Some people will think that it is not appropriate to share something very sensitive, private and important. Beloved one's death should be one of them. Death may not be able to be public. I think I agree with these kind of opinions at some points.
However, if you look back to the past, like before the 20th century, death used to be very public. Suppose someone in the village died, all neighbors would know it and shared the grief. People kept close watch on obituary notice of local newspapers so that they could show their sympathy for the recently deceased and his family. A community at that time was small enough to share all emotions.
Now, in the 21st century, people are so isolated. If you live in big cities such as Tokyo and Beijing, you may not be informed even your neighbor's death. So here is the question; how do you cultivate your sense of death? How do you know that we all people are mortal? How do you realize that our parents will die sooner than us?
I checked Scott Simon twitter(@nprscottsimon) and read some tweets about he and his mother. I was, well, crying reading some of them. Those tweets reminded me my grandfather's death last year. That was really shocking experience to me and made me think a lot about my life, my family, society, and all world.
To be an adult, I now think, people need to face death.
More opportunities we have to visit the dying person, more possibilities we start to think about our lives seriously.
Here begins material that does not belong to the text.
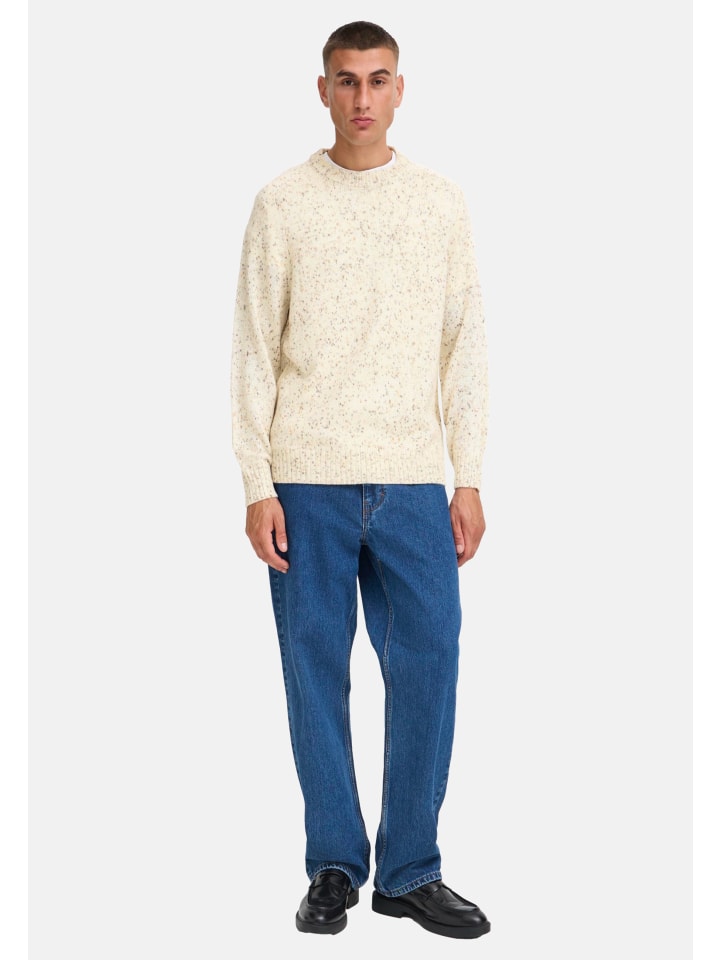 Свитер Симча белого цвета !SOLID
Свитер Симча белого цвета !SOLID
I do not think that I will share my beloved one's death on SNS, but I cannot deny what Scott Simon tweeted solely because they are appropriate. There are always something you don't want to face, but you have to do in your life.
Quotes from Simon's tweets.
"Mother cries Help Me at 2;30. Been holding her like a baby since. She's asleep now. All I can do is hold on to her."
"I love holding my mother's hand. Haven't held it like this since I was 9. Why did I stop? I thought it unmanly? What crap."
"I just realized: she once had to let me go into the big wide world. Now I have to let her go the same way."
"My mother in ICU sees Kate&Will holding baby and tears:"Every baby boy is a little king to his parents." So I tear too. "
"Heart rate dropping. Heart dropping."
"The heavens over Chicago have opened and Patricia Lyons Simon Newman has stepped onstage."
"She will make the face of heave shine so fine that all the world will be in love with night."